Accès à l’information: de reculs en retard à Québec

Lors de son élection, le premier ministre Philippe Couillard promettait de faire de son gouvernement le plus transparent de l’histoire du Québec. Quatre ans plus tard, la réforme de la loi sur l’accès à l’information reste à l’état de voeux pieux.

La nouvelle ministre responsable du dossier, Kathleen Weil, promet une « grande réforme » de la loi. Comme l’ont fait ses prédécesseurs, Jean-Marc Fournier et Rita de Santis, elle promet mer et monde. Les filiales des sociétés d’État seront assujetties à la loi ; les ministres et leur personnel politique perdront le pouvoir d’examiner les demandes faites par les journalistes, afin de dissiper les soupçons d’ingérence politique dans le traitement des demandes ; la réforme visera à instaurer « une culture de transparence et d’ouverture » au sein de l’appareil étatique.

En théorie, voilà autant de nouvelles prometteuses, qui annoncent des lendemains glorieux pour la démocratie québécoise. En pratique, permettez-nous de douter du sérieux de la démarche libérale, à sept mois de l’échéance électorale, et avec une quarantaine de journées de travail restantes à l’Assemblée nationale. Entre le boom suscité par la déclaration initiale du premier ministre Couillard et l’écho de la réforme promise par Mme Weil, le délai est passablement inquiétant.

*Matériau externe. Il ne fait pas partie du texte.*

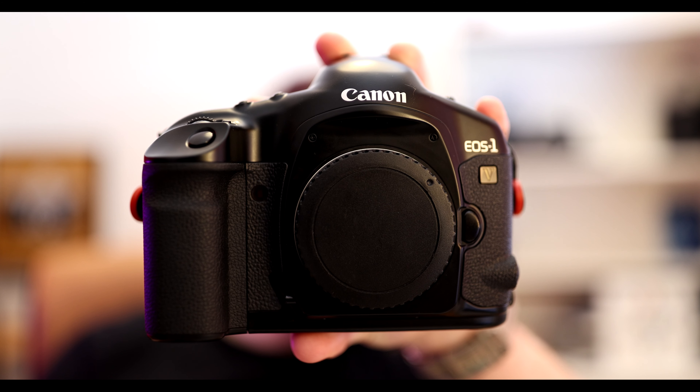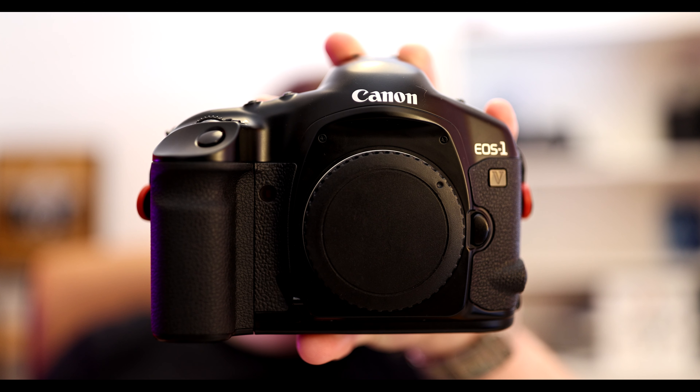In October of 2020 I sold my Nikon F100, even though I love that camera and I do actually miss it quite a lot, and bought the Canon EOS 1V. I do want to add that this is not a full review — this is more of a story, and I will be doing a review about this camera at some point in the future, but that day is not today.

Pour l’heure, le seul projet de loi déposé par la ministre Weil vise à empêcher la transmission de tout mémoire adressé au Conseil des ministres avant l’expiration du délai de 25 ans. Ce délai est trop élevé pour les exigences de la gouvernance moderne. Il devrait être ramené à dix ou quinze ans, ce qui permettrait d’accroître la transparence du gouvernement sans porter ombrage aux délibérations ministérielles.

L’urgence vient du fait que le journaliste Daniel Tremblay a remporté, en décembre dernier, une victoire importante en Cour d’appel, afin d’obtenir accès à des mémoires du Conseil des ministres sur l’indemnisation des orphelins de Duplessis. La loi est ainsi faite que la communication d’un ministre à un autre est confidentielle. Mais la communication d’un ministre à plusieurs personnes en même temps ne l’est pas, ce que reconnaît la Cour d’appel dans sa décision.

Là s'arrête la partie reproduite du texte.